**RECORDS TO USE**
★ ★ ★ ★ ★
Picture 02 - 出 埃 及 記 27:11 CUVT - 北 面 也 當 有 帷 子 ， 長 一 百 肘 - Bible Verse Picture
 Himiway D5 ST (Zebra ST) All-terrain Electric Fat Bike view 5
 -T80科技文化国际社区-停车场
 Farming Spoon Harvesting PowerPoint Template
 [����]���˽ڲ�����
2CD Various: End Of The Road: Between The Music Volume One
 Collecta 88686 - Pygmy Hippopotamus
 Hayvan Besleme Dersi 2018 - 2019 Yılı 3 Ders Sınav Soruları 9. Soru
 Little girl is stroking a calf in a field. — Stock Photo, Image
★ ★ ★ ★ ★
**PROBLEM TO SOLVE**
Everything from the line with "-T80科技文化国际社区-停车场" to the last line of the data is what to return, word for word; leave out the rest.

**FINAL ANSWER**
 -T80科技文化国际社区-停车场
 Farming Spoon Harvesting PowerPoint Template
 [����]���˽ڲ�����
2CD Various: End Of The Road: Between The Music Volume One
 Collecta 88686 - Pygmy Hippopotamus
 Hayvan Besleme Dersi 2018 - 2019 Yılı 3 Ders Sınav Soruları 9. Soru
 Little girl is stroking a calf in a field. — Stock Photo, Image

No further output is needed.